The CONTROL PANEL MICROPROCESSOR is solely responsible for the following functions:

Answer 4

• controls the automatic drop down of the passenger oxygen masks at 14,000 foot cabin altitude
• provides the instruction to limit cabin altitude to 14,500 ± 500 feet
• controls the opening and closing speed of the ground valve during ground sequences to avoid any perturbation of the outflow valve

Question 5

CABIN ALT caution message and ‘Cabin Pressure’ aural

On the primary page, the control panel microprocessor and active pressure controller provides these messages

Answer 5

cabin altitude greater than or equal to 8500 ft.

Question 6

CABIN ALT warning message

On the primary page, the control panel microprocessor and active pressure controller provides these messages

Answer 6

cabin altitude cabin altitude greater than or equal to 10000 ft

Question 7

DIFF PRESS warning message

On the primary page, the control panel microprocessor and active pressure controller provides these messages

Answer 7

differential pressure greater than or equal to 8.6 PSID

Question 8

At 10000 ft. CABIN ALTITUDE, both the active controller and control panel microprocessor will illuminate the

Answer 8

NO SMOKING/ FASTEN SEAT BELT signs if the switches are selected to AUTO.

Question 9

With a failure of the CPCP, what will not occur?

Answer 9

automatic drop down of the passenger oxygen and illumination of the seat belt and no smoking signs will not occur.

Question 10

The purpose of the Outflow Valve

Answer 10

The electrical outflow valve is located on the aft pressure bulkhead and controls the discharge rate of air from the aircraft.

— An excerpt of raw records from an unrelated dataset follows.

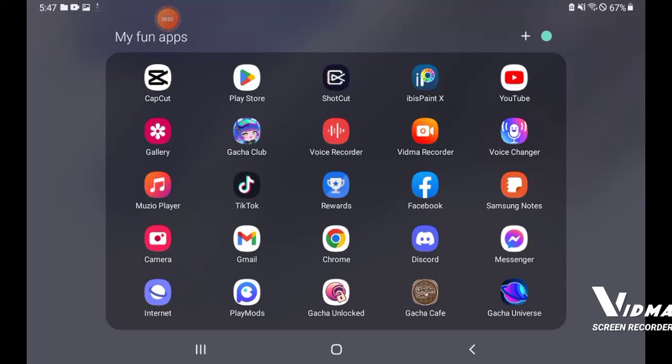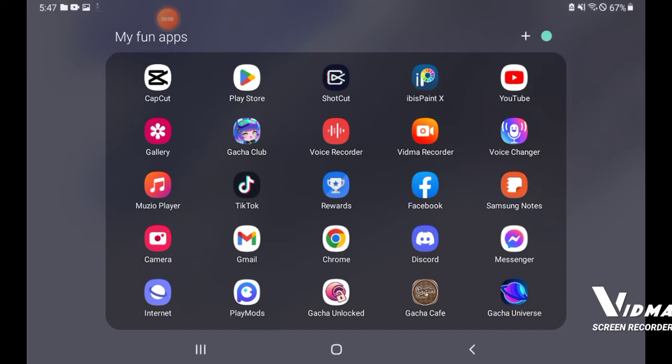Just thought I'd show you the app I'm using to download these mods, play mods. You can get it off the internet if it'll load.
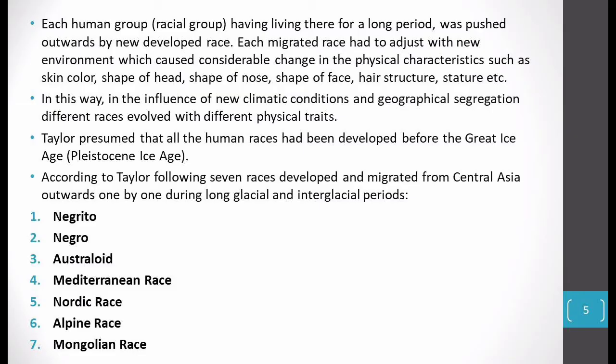When the migrating race arrived in a new particular environment, changes occurred. For example, a Central Asia race moved to Europe — Central Asia is a tropical area but Europe is a colder area — so where there is an environmental adjustment and the physical environment is different, people had to adapt to the new environment.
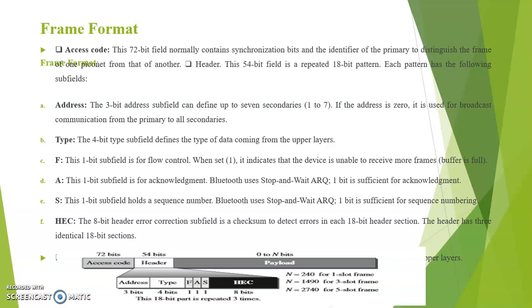Next is HEC. The 8-bit header error correction subfield is a checksum to detect errors in each 18-bit header section. The header has three identical 18-bit sections. Next is the payload field which contains the data.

The outflow valve mechanism is activated by a triple-motored actuator. The DC motors are associated with one of three operating channels. Each CPC controls its own DC motor on the actuator to modulate the outflow valve. The third DC motor is used during manual pressurization. In automatic mode, the active CPC maintains the aircraft pressurization schedule by electrically modulating the outflow valve to control the discharge rate.
In manual mode, the outflow valve is controlled electrically by switches on the CABIN PRESS panel. From the control panel, the pilot can command the system to hold a cabin altitude or manually control the rate at which the cabin pressure climbs or descends.

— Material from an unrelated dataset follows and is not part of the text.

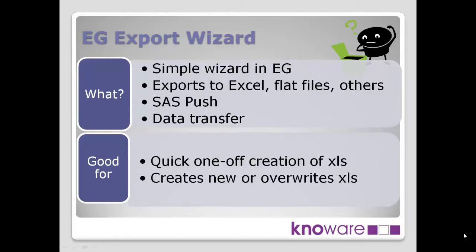The wizard not only exports in an Excel format, but exports in a whole range of other formats as well. Flat files and a range of other formats that we'll see a little bit later on the screenshot.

Page 7-20 in the Mesa systems book

Question 11

The purpose of the Safety Valves?

Answer 11

The safety valves are located on the aft pressure bulkhead and provide over-pressure and negative pressure relief.
The valves are pneumatically operated and spring-loaded closed. When the cabin differential pressure exceeds normal limits, the safety valves open to relieve the excessive pressure.
Should a negative pressure condition develop, (ambient pressure is greater than cabin pressure), the safety valves open to equalize the pressure.
Pg 7-21

Question 12

Purpose of the Ground Valve

()=important shit

Answer 12

(The ground valve is used to ensure that the aircraft is depressurize when on the ramp and to dump overboard the air used in ventilating the CRTs and avionics bay’s electronic equipment.)
The control panel microprocessor using proximity sensing system data (WOW and door switches) from the active pressure controller, controls the opening and closing of the valve. The opening and closure speed of the valve is controlled to prevent pressure bumps in the system.
On the ramp, the ground valve is fully open. When the passenger and galley doors are closed, the valve is motored closed. If the valve fails to close, the amber OVBD COOL caution message is displayed. The valve to be manually closed for flight to improve dispatch reliability.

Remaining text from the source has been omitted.